老師先故意使用一個不太適合的方式:Any

from typing import Any

-BoundedList = Annotated[list[Any], Field(max_length=10)]

問題是:Any 可接受任何型態,但我們其實想要的同一種型態(整數列表、字串列表…)。

此時可以使用型別變數(適用自訂類型):TypeVar

from typing import TypeVar

T = TypeVar('T')

BoundedList = Annotated[list[T], Field(max_length=10)]

BoundedList[int]
BoundedList[str]
typing.Annotated[list[int], FieldInfo(annotation=NoneType, required=True, metadata=[MaxLen(max_length=10)])]

typing.Annotated[list[str], FieldInfo(annotation=NoneType, required=True, metadata=[MaxLen(max_length=10)])]

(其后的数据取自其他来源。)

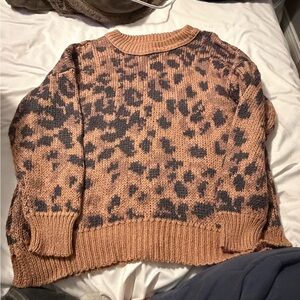 Aerie Leopard Print Sweater - Tan and Black
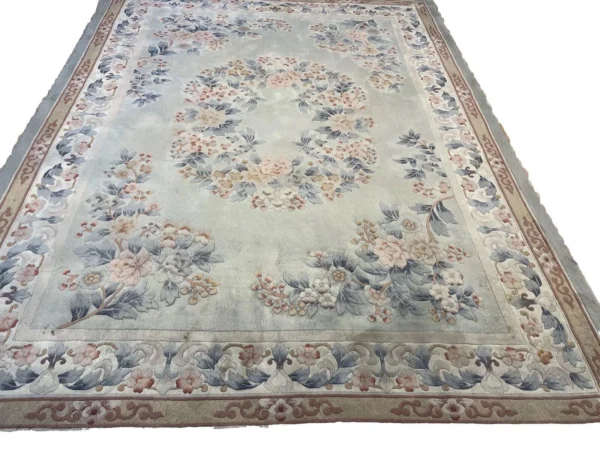 Antiker Peking Teppich 350x250 cm – Leuchtende Farben, Gobelin Design, Top Zustand, Pastell Grün – handgeknüpft, Perserteppich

和 2-4 一樣,我們也可以在 Model 中使用。

class Model(BaseModel):
    integers: BoundedList[int] = []
    strings: BoundedList[str] = []

Model()

Model(integers=[1.0, 2.0], strings=["abc", "def"])
Model(integers=[], strings=[])

Model(integers=[1, 2], strings=['abc', 'def'])

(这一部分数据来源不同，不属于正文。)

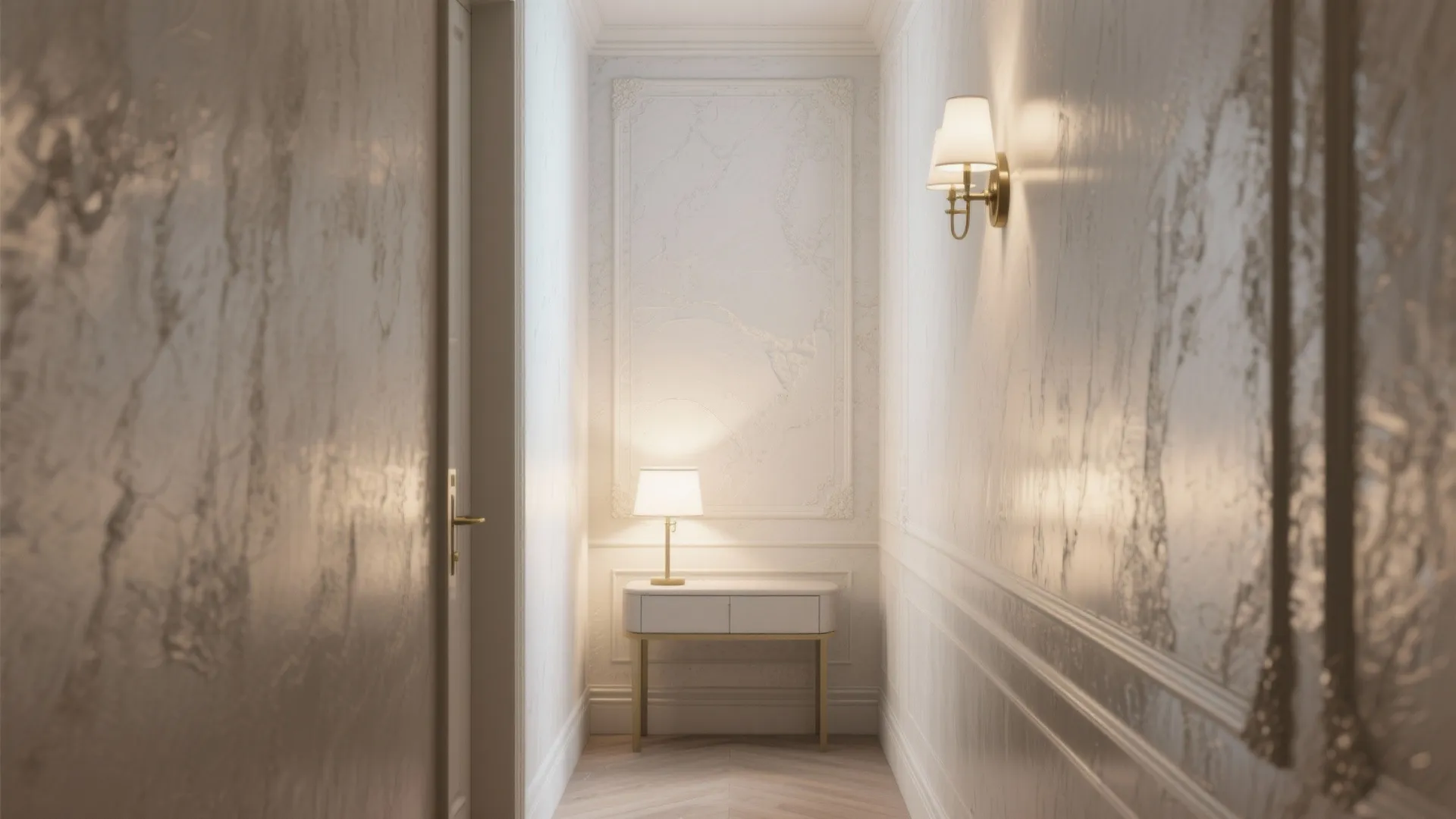 Elegant white hallway with marble texture walls small table table light and gold wall light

和 Any 不同,指定為整數卻傳入浮點數時,會報錯。

這就是我們想要的結果。

try:
    Model(integers=[0.5])
except ValidationError as ex:
    print(ex)
1 validation error for Model
integers.0
  Input should be a valid integer, got a number with a fractional part [type=int_from_float, input_value=0.5, input_type=float]
    For further information visit https://errors.pydantic.dev/2.7/v/int_from_float

▌4. 字串約束 String Constraints

4-1. 在 Field 中設定

前面的章節介紹過 String Constraints,我們可以在 Field 中設定字串的限制,例如:

from pydantic import BaseModel, Field, ValidationError

class Model(BaseModel):
    name: str = Field(min_length=2, max_length=5)

4-2. StringConstraints

如果我們想要做的更多(刪除空白字符、轉換為大寫或小寫),那上述方法就不適用了。請改用 StringConstraints。

Name Type Description
strip_whitespace bool | None 是否從字串中刪除空白字符。
Whether to strip whitespace from the string.
to_upper bool | None 是否將字串轉換為大寫。
Whether to convert the string to uppercase.
to_lower bool | None 是否將字串轉換為小寫。
Whether to convert the string to lowercase.
strict bool | None 是否在嚴格模式下驗證字串。
Whether to validate the string in strict mode.
min_length int | None 字串的最小長度。
The minimum length of the string.
max_length int | None 字串的最大長度。
The maximum length of the string.
pattern str | Pattern[str] | None 字串必須匹配的正則表達式模式。
A regex pattern that the string must match.
from typing import Annotated
from pydantic import StringConstraints

StandardString = Annotated[
    str, 
    StringConstraints(to_lower=True, min_length=2, strip_whitespace=True)
]

class Model(BaseModel):
    code: StandardString | None = None

Model()

Model(code="ABC   ")

try:
    Model(code="   a   ")
except ValidationError as ex:
    print(ex)
Model(code=None)

Model(code='abc')

1 validation error for Model
code
  String should have at least 2 characters [type=string_too_short, input_value='   a   ', input_type=str]
    For further information visit https://errors.pydantic.dev/2.5/v/string_too_short

▌5. Project

5-1. BoundedString & BoundedList

建立一個註釋類型,名為 BoundedString,定義一個最少 2 字元、最多 50 字元的字串。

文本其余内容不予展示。